今月5公演目。海老蔵丈の舞台はますます席確保が難しくなる予感。今回、昼の部は奥さんと行く予定だったので桟敷でとりたく平日で。狂言はどっちも見物二回目だけど良かったナア。「蓄積」されて来た感じ。続き↓
<義経千本桜 鳥居前>
鳥居前は
昨年の浅草歌舞伎で見物している。今回は忠信=獅童が楽しみ。初音ミクとバーチャル共演した
今昔饗宴千本桜をBlu-rayで何度も鑑賞してたので生獅童・生忠信が見られて嬉しい。
忠信=狐、初音の鼓が忠信の両親狐の皮で出来ていて...とかの蘊蓄は押さえといた方が無難ではあると思うけど、花道から登場する忠信の火焔隈・ザ歌舞伎なかっこよさをただ楽しむだけでも宜しいかと。

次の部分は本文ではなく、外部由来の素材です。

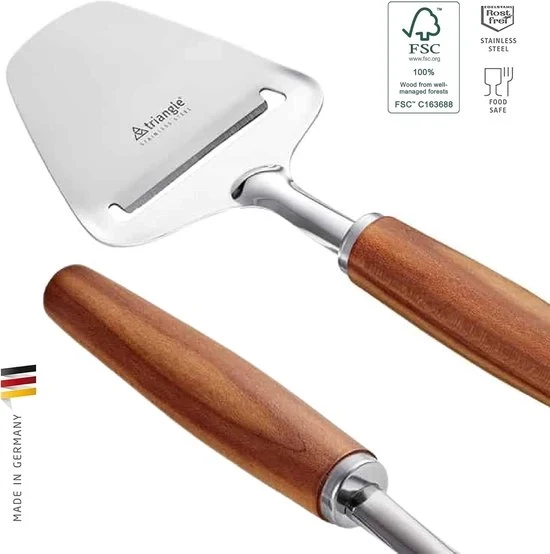 Sfregiatore formaggio 7,5cm - Manico in legno - Tagli perfetti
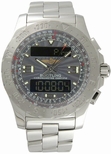 Breitling Grey Dial Mens Watch Airwolf-SlatA7836338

忠信以外の役者。義経→(去年)中村種之助(25)、(今年)大谷友右衛門(69)。随分と年食ったねえ、じゃなくて。まあ歌舞伎だからいいんだけど義経はもうちょい若い役者の方が良いんでないかな?
静御前→(去年)中村梅丸、(今年)大谷廣松。廣松君は父子共演だけど典型的な赤姫、静御前は梅丸君の可愛らしい感じが良かった。
早見藤太→忠信に踏み潰されて目が飛び出し息絶えるコミカルな敵役。案外重要な役どころ。(去年)坂東巳之助、(今年)澤村國矢(紀伊国屋。知らんかった)。これも去年に軍配。脇役的には去年の方が良かったがやはり獅童の存在感。
<極付幡随長兵衛>
この演目は
一昨年の九月秀山祭で見物。二回目の生歌舞伎で訳も分からず見物してた頃だけど、この演目は河竹黙阿弥の七五調ラップ台詞、吉右衛門=侠客・長兵衛の粋・人情、敵役・染五郎(当時)=旗本奴・十郎左衛門の品格ある憎らしさ?に一撃でやられてしまった。
芝居小屋で狼藉をはたらいた家来を観客の面前で(丁寧に)注意して場を収めた長兵衛に顔を潰されたと恨んで長兵衛を自分の屋敷に招き、風呂場に誘い込んで刺し殺してしまうと言うなかなかに歌舞伎らしい滅茶な筋立てなんだけど、(花道でなく)客席を通って登場する海老蔵=長兵衛のいなせなこと・粋なこと。
團十郎襲名を発表した直後だったこともあるけれど、もうオーラは「團十郎」。こちらの十郎左衛門は左團次(78)で前回より一気に年食っちゃったがそこは海老蔵親分の團十郎な男気で相殺。
十郎左衛門の誘いを受けた長兵衛は死を覚悟し早桶(棺桶)の準備までさせるが邸に向かう時に息子=長松=堀越勸玄がすがりつくシーンは泣きどころ。女性比率高い場内はすっかりお母さん気分で満たされる。こりゃ親子二代襲名はエライことになりそうだ...
分かり易く台詞建がかっこいい黙阿弥狂言は初心者にもおすすめ。
<三升曲輪傘売>
13分の舞踊、と言うことでこれだけ未見の演目なれど殆ど期待してなかったが何と舞踊+傘出しマジック。実は石川五右衛門=海老蔵が魅せる手品ショー。どっから何本出てくるの?な大量傘攻撃。
見た目も華やか、キリの舞踊にはピッタリ。バランス良い構成の昼の部、奥さんも満足で良かった良かった。次は浅草歌舞伎昼の部で正月歌舞伎は〆。